[Directions] Please reproduce the following records exactly as they appear.

[Available data]

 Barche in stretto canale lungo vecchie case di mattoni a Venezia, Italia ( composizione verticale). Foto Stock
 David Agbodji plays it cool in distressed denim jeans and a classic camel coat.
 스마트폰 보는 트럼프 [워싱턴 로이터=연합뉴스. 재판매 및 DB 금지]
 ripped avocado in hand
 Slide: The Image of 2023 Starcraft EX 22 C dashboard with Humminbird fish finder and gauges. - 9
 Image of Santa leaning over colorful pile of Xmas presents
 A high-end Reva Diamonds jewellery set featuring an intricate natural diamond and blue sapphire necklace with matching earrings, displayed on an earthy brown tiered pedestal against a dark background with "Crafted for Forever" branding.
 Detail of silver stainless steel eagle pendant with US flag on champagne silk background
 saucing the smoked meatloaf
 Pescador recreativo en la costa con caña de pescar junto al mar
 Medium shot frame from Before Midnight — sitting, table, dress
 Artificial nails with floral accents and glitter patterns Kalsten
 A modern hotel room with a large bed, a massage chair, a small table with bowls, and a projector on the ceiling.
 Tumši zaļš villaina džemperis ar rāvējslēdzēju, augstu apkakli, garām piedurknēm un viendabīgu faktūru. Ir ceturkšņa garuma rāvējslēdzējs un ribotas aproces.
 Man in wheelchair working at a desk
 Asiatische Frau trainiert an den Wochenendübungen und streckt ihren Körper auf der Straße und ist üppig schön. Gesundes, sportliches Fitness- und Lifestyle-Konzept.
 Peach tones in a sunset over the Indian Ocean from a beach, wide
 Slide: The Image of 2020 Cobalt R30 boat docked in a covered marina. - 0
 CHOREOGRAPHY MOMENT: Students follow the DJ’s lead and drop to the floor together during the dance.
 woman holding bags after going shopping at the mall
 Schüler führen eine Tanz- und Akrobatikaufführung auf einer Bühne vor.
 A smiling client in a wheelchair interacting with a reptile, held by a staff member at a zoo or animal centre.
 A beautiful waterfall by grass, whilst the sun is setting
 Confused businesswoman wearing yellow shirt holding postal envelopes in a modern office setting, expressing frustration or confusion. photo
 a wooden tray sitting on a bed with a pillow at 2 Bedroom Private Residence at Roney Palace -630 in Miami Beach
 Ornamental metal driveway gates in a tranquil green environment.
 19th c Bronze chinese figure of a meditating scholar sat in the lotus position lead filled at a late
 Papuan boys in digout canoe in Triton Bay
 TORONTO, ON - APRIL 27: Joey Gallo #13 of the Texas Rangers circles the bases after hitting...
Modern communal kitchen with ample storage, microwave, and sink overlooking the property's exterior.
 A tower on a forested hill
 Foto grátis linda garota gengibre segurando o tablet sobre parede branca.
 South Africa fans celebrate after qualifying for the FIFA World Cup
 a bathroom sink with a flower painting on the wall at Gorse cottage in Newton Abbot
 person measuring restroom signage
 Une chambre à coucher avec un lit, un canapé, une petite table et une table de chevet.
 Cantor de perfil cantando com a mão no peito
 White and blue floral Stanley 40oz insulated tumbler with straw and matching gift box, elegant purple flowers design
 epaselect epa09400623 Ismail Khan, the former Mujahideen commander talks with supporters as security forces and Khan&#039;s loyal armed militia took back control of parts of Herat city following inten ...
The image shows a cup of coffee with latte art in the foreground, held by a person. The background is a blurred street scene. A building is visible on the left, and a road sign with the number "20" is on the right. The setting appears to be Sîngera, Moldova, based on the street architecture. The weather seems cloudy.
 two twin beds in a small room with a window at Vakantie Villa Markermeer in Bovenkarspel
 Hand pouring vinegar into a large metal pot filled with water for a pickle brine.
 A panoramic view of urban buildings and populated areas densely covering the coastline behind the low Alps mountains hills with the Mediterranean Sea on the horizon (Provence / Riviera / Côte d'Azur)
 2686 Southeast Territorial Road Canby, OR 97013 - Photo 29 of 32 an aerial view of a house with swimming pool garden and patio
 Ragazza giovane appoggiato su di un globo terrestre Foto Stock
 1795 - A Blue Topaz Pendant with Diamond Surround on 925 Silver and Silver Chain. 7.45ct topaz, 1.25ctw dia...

[Response]
 Barche in stretto canale lungo vecchie case di mattoni a Venezia, Italia ( composizione verticale). Foto Stock
 David Agbodji plays it cool in distressed denim jeans and a classic camel coat.
 스마트폰 보는 트럼프 [워싱턴 로이터=연합뉴스. 재판매 및 DB 금지]
 ripped avocado in hand
 Slide: The Image of 2023 Starcraft EX 22 C dashboard with Humminbird fish finder and gauges. - 9
 Image of Santa leaning over colorful pile of Xmas presents
 A high-end Reva Diamonds jewellery set featuring an intricate natural diamond and blue sapphire necklace with matching earrings, displayed on an earthy brown tiered pedestal against a dark background with "Crafted for Forever" branding.
 Detail of silver stainless steel eagle pendant with US flag on champagne silk background
 saucing the smoked meatloaf
 Pescador recreativo en la costa con caña de pescar junto al mar
 Medium shot frame from Before Midnight — sitting, table, dress
 Artificial nails with floral accents and glitter patterns Kalsten
 A modern hotel room with a large bed, a massage chair, a small table with bowls, and a projector on the ceiling.
 Tumši zaļš villaina džemperis ar rāvējslēdzēju, augstu apkakli, garām piedurknēm un viendabīgu faktūru. Ir ceturkšņa garuma rāvējslēdzējs un ribotas aproces.
 Man in wheelchair working at a desk
 Asiatische Frau trainiert an den Wochenendübungen und streckt ihren Körper auf der Straße und ist üppig schön. Gesundes, sportliches Fitness- und Lifestyle-Konzept.
 Peach tones in a sunset over the Indian Ocean from a beach, wide
 Slide: The Image of 2020 Cobalt R30 boat docked in a covered marina. - 0
 CHOREOGRAPHY MOMENT: Students follow the DJ’s lead and drop to the floor together during the dance.
 woman holding bags after going shopping at the mall
 Schüler führen eine Tanz- und Akrobatikaufführung auf einer Bühne vor.
 A smiling client in a wheelchair interacting with a reptile, held by a staff member at a zoo or animal centre.
 A beautiful waterfall by grass, whilst the sun is setting
 Confused businesswoman wearing yellow shirt holding postal envelopes in a modern office setting, expressing frustration or confusion. photo
 a wooden tray sitting on a bed with a pillow at 2 Bedroom Private Residence at Roney Palace -630 in Miami Beach
 Ornamental metal driveway gates in a tranquil green environment.
 19th c Bronze chinese figure of a meditating scholar sat in the lotus position lead filled at a late
 Papuan boys in digout canoe in Triton Bay
 TORONTO, ON - APRIL 27: Joey Gallo #13 of the Texas Rangers circles the bases after hitting...
Modern communal kitchen with ample storage, microwave, and sink overlooking the property's exterior.
 A tower on a forested hill
 Foto grátis linda garota gengibre segurando o tablet sobre parede branca.
 South Africa fans celebrate after qualifying for the FIFA World Cup
 a bathroom sink with a flower painting on the wall at Gorse cottage in Newton Abbot
 person measuring restroom signage
 Une chambre à coucher avec un lit, un canapé, une petite table et une table de chevet.
 Cantor de perfil cantando com a mão no peito
 White and blue floral Stanley 40oz insulated tumbler with straw and matching gift box, elegant purple flowers design
 epaselect epa09400623 Ismail Khan, the former Mujahideen commander talks with supporters as security forces and Khan&#039;s loyal armed militia took back control of parts of Herat city following inten ...
The image shows a cup of coffee with latte art in the foreground, held by a person. The background is a blurred street scene. A building is visible on the left, and a road sign with the number "20" is on the right. The setting appears to be Sîngera, Moldova, based on the street architecture. The weather seems cloudy.
 two twin beds in a small room with a window at Vakantie Villa Markermeer in Bovenkarspel
 Hand pouring vinegar into a large metal pot filled with water for a pickle brine.
 A panoramic view of urban buildings and populated areas densely covering the coastline behind the low Alps mountains hills with the Mediterranean Sea on the horizon (Provence / Riviera / Côte d'Azur)
 2686 Southeast Territorial Road Canby, OR 97013 - Photo 29 of 32 an aerial view of a house with swimming pool garden and patio
 Ragazza giovane appoggiato su di un globo terrestre Foto Stock
 1795 - A Blue Topaz Pendant with Diamond Surround on 925 Silver and Silver Chain. 7.45ct topaz, 1.25ctw dia...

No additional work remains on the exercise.